Don’t compete on cost—invest time and effort in the estimating process to realize greater success.
by Mike Clancy and Cynthia Paul
June 26, 2013

How many times have your estimators or you uttered the phrase, “That firm is bidding below cost”? While not all contractors are responsible bidders, if you are facing credible competition that seems to be bidding below cost, you probably need to ask yourself if you know your costs to execute work. About 40 percent of firms in the marketplace do not track their costs with significant rigor to conduct a detailed analysis of bid versus final profit.

Understand Your Costs
Specialty contractors understand the importance of accurate take-offs. However, many general contractors and construction managers have essentially outsourced this function to their subcontractors or work with cost databases that are a year or more out of date. While it would be unreasonable to expect a GC or CM to conduct a detailed take-off of each line item on the job, simply “square-footing” the take-off or using another quick estimation method is a surefire way to undermine cost certainty.

The best GC and CM firms develop meaningful assemblies and use real-time cost-performance data to achieve a faster and more accurate take-off process. If real-time data is not readily available, you should scrub your database at a minimum of twice a year to ensure you are not working with old information. This will reduce wasted time in preconstruction and ensure that you take on as little risk as possible in your estimation and bidding process.

Craft a Winning Strategy
Chances are, most of your marketing and sales budget is spent on estimating work. Are you spending that money on opportunities you have no chance of securing?

A shortcut to greater success is to build your systems around delivering what the customer wants, in the way he or she wants it. Do not spend time and money chasing jobs you have no chance of winning or cannot perform effectively. There are five key inputs to an estimating function based on this type of focused strategy:

Strategy—If you lack a strategy that gives you an edge, the only way you can win bids is by cutting your fee. Instead, focus only on project opportunities in which you have identified an advantage for yourself.

SOPs—As with project-management best practices, consistent estimating practices will lead to greater results and provide a training curriculum for new hires.

Systems—While estimating technology is not a magic bullet, it is what the military calls a “force multiplier.” In other words, effective technology use can leverage each estimator to be able to accomplish more.

Subcontractors—Without the right partners, a GC cannot expect to be competitive on bid day. Subcontractor outreach and relationship development can be a source of significant cost advantage.

Skills—If you have too many or too few employees, or the wrong blend of skills in your estimating department, your estimating cost will be more and the department will be less effective than those of your competition.

While all of these functions are vital to accurate and efficient estimating, the leading factor in bidding success is strategy. It is crucial that you build a compelling approach to get the customer’s attention. Do this by digging into major cost components. Identify the top three to five cost items on your project. If subcontractor scopes are on this list, reach out to trusted allies in your subcontractor corps for innovative approaches to fulfilling these items.

Also, find one or two key cost drivers and push them down a bit. As an example, are there ways you can save a subcontractor time, and thus save yourself money, through careful phasing and management?

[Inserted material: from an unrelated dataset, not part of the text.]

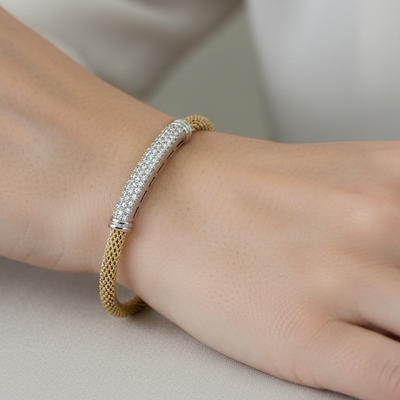 Pulsera Tubogas plata 925 – vista adicional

You need to find a few areas where you can get leverage.

Finally, use business development and market intelligence to uncover the customer’s unspoken hot buttons. Ask good questions. Asking the customer about a project not only demonstrates interest, but it delivers the insights needed to help you win work.

You do not want to be in a fair fight with competitors; you want an unfair advantage. If you cannot create an advantage, the only option is cutting your price to win the work, and that is a poor long-term strategy. A winning strategy marries the customer’s hot buttons and requirements with your capability, approach and pricing.

Find all the Pennies
Using process mapping as well as standardizing best practices will lead to improved estimating performance. Each estimate needs a project manager, and your estimating department needs a chief estimator who spends far more time leading and managing than estimating.

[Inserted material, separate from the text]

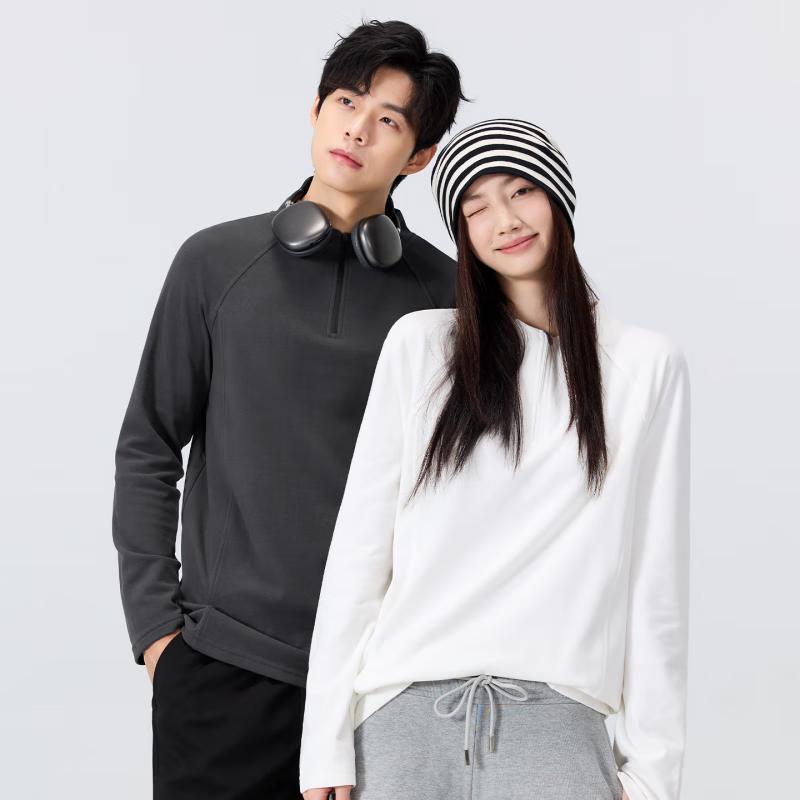 MINISO Men's American Style Half-Zip Baselayer T-Shirt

Since most projects are won or lost based on one or two percent of the cost, reinventing the get-work function is all about “finding pennies.” Staffing effective bid teams helps you find those pennies. Your project team should have a good mix of skills and experience and be directed by a lead estimator with the management ability to run the team. Junior, less-skilled estimators then have an opportunity to contribute accordingly while learning from colleagues with more experience.

Finding pennies is also about project selection. By developing selection criteria to prioritize project opportunities according to the strategy you have developed for your company, you can reduce the amount of time wasted estimating projects that you have no realistic chance of winning or executing at a profit.

By investing time and effort in the estimating process, you will see higher hit rates on profitable work. In addition, you will be able to win projects when you are up against even the toughest competitors. The answer is to maximize your estimating time and talent by knowing your costs, knowing more than your competitors know and pursuing the right work.